What to work on - Copy nothing but the text: reproduce each line of the listing exactly and leave the pictures out.

Collected data -
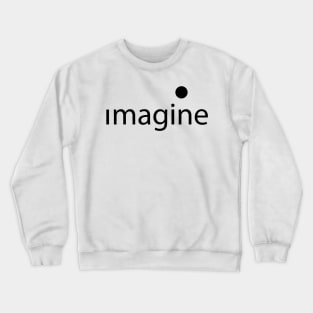 Imagine Crewneck Sweatshirt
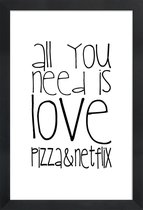 JUNIQE - Poster in houten lijst All You Need And Pizza And Netflix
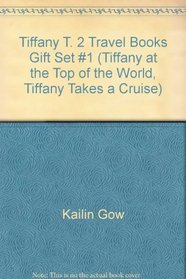 Tiffany T. 2 Travel Books Gift Set #1 (Tiffany at the Top of the World, Tiffany Takes a Cruise)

Response area -
 Imagine Crewneck Sweatshirt
 JUNIQE - Poster in houten lijst All You Need And Pizza And Netflix
 Tiffany T. 2 Travel Books Gift Set #1 (Tiffany at the Top of the World, Tiffany Takes a Cruise)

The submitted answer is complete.